(Beginning of Records for this task)

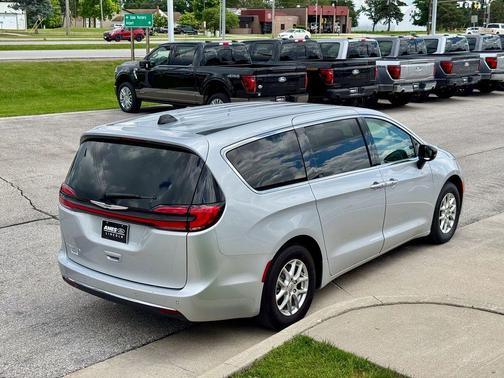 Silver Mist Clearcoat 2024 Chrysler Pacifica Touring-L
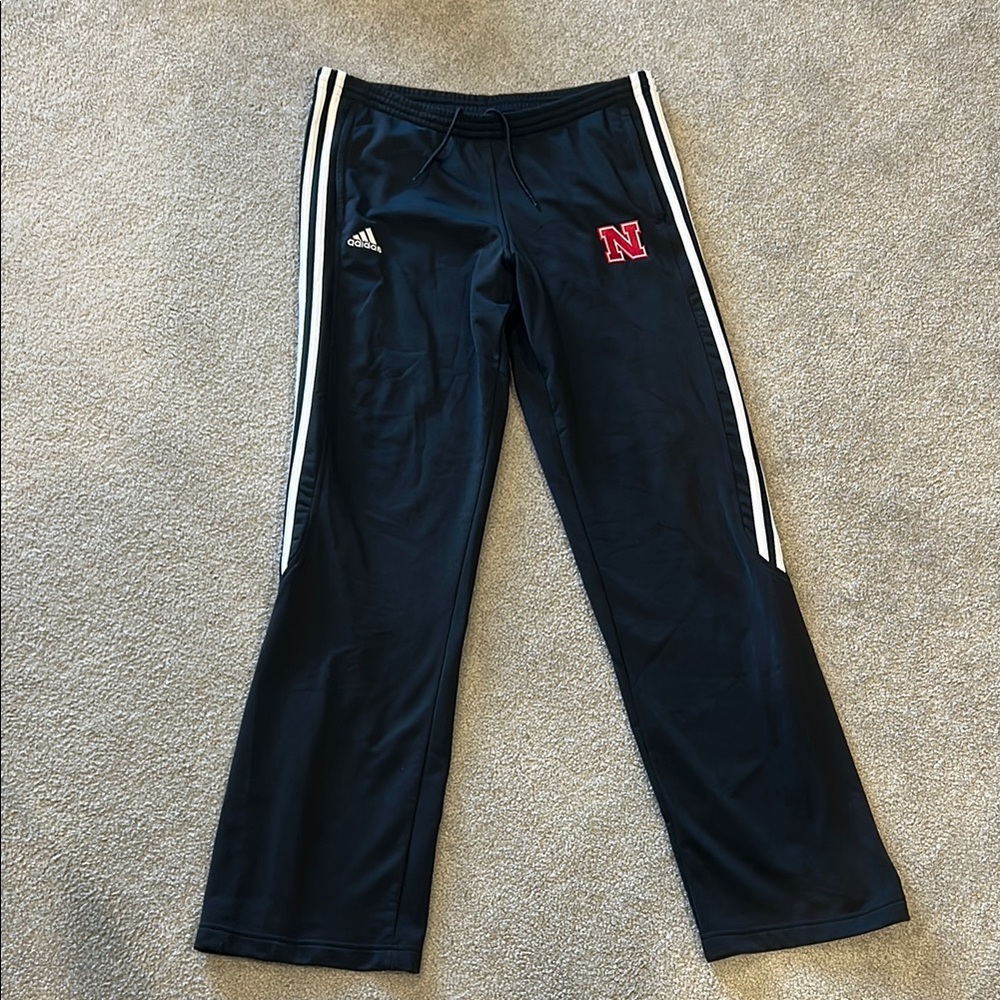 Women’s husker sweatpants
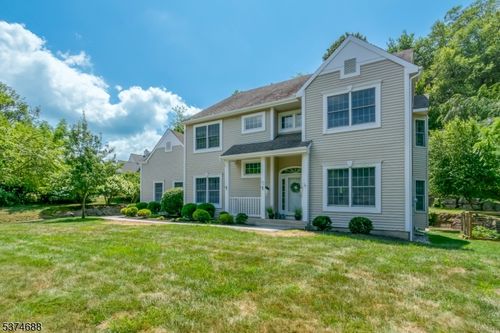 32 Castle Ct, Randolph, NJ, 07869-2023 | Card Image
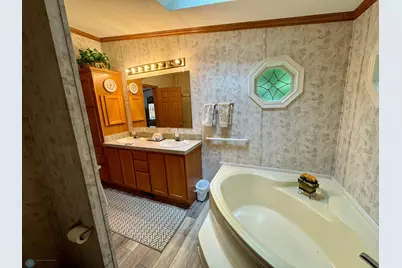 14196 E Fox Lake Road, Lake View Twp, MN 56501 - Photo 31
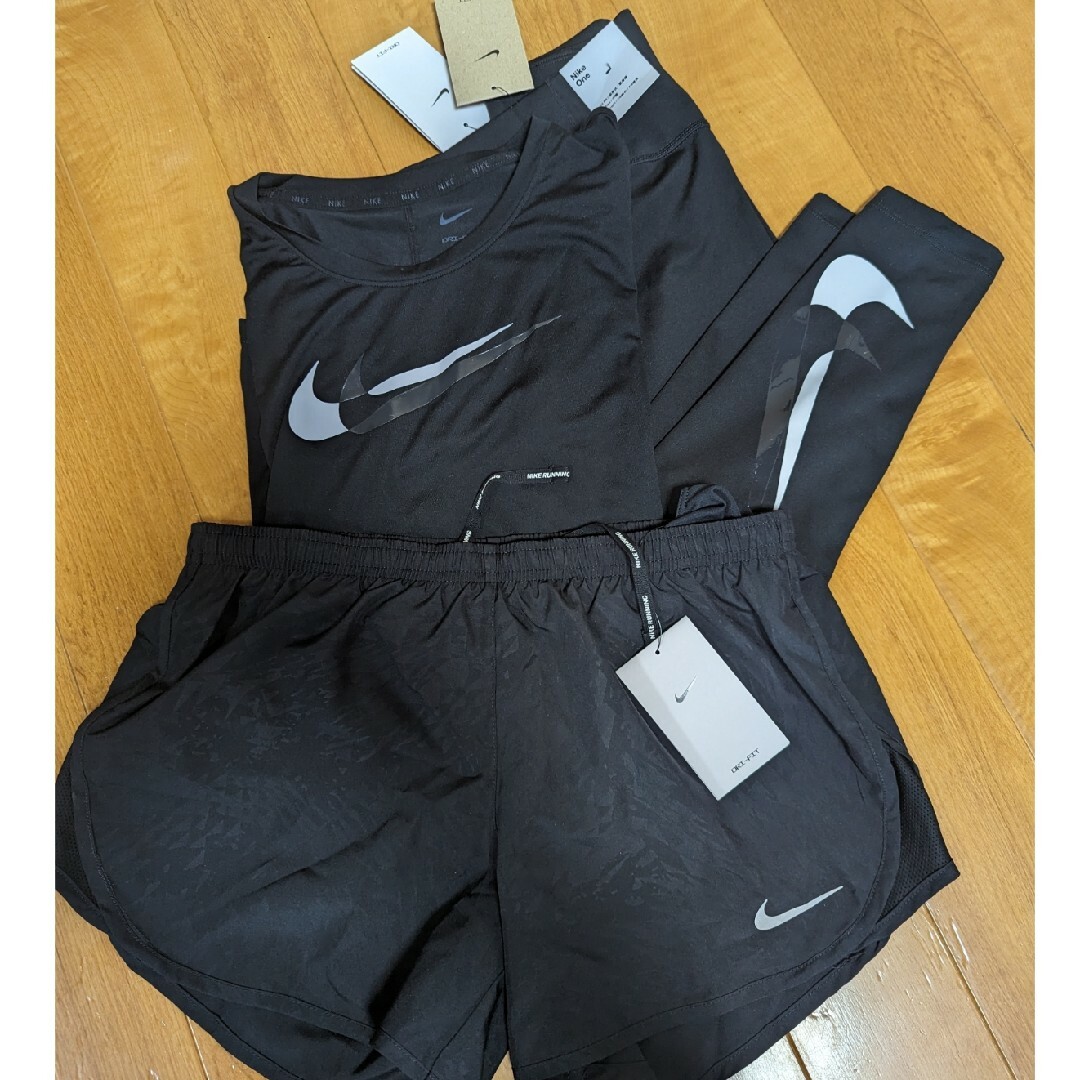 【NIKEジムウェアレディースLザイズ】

(End of Records for this task)
(Beginning of Records for this task)

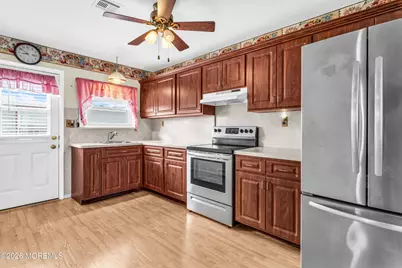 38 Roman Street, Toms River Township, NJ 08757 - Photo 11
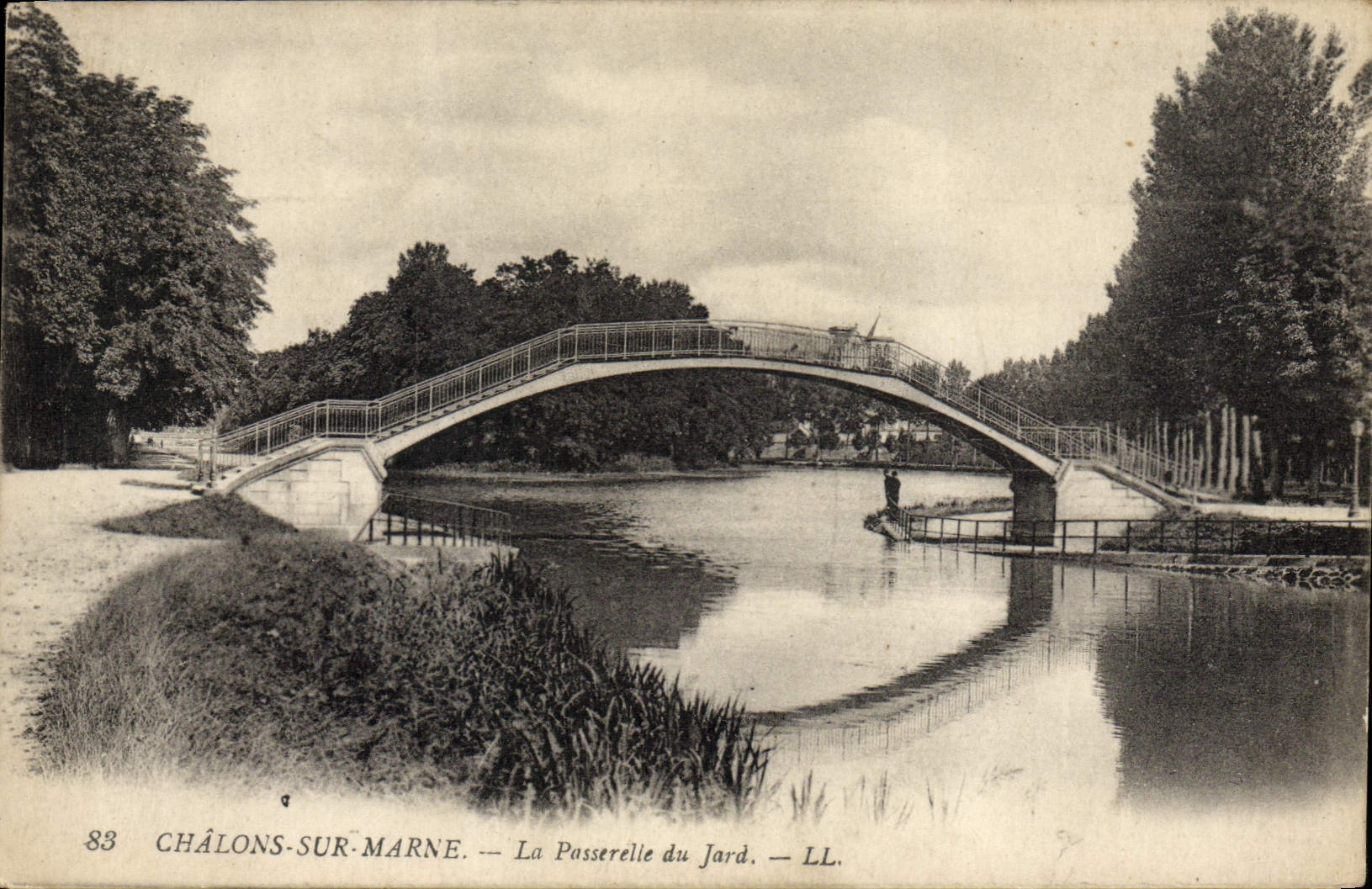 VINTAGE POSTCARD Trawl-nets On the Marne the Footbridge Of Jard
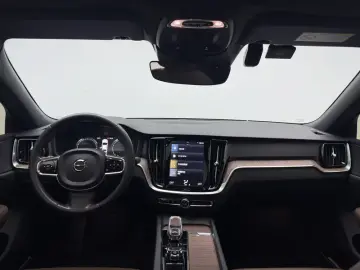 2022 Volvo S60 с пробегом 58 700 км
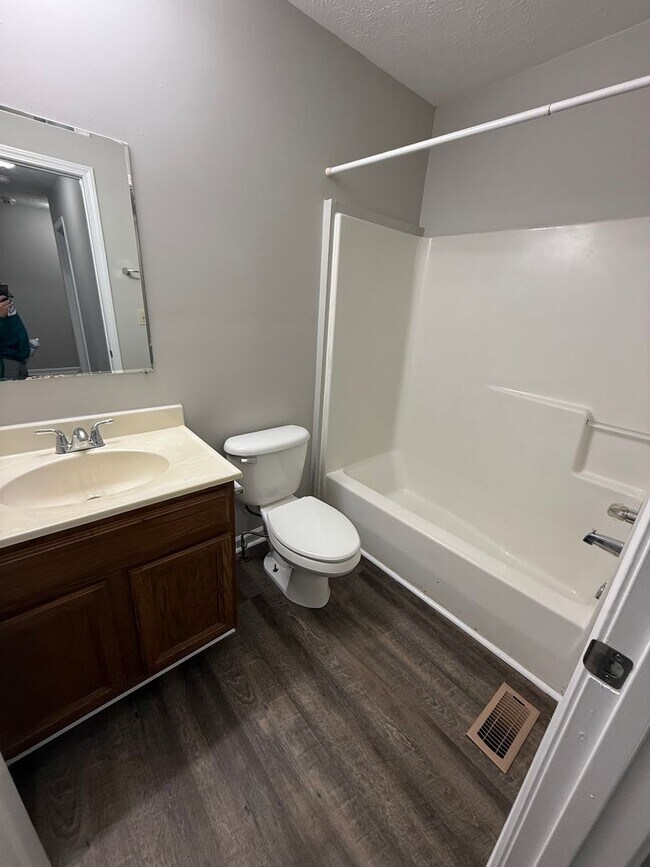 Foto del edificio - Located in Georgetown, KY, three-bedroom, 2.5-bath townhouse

(End of Records for this task)

### Your goal
Go back to the listing above and write out the lines starting at the one with "2022 Volvo S60 с пробегом 58 700 км" and ending at the one with "Foto del edificio", inclusive, exactly and without pictures.

### Exercise response
 2022 Volvo S60 с пробегом 58 700 км
 Foto del edificio - Located in Georgetown, KY, three-bedroom, 2.5-bath townhouse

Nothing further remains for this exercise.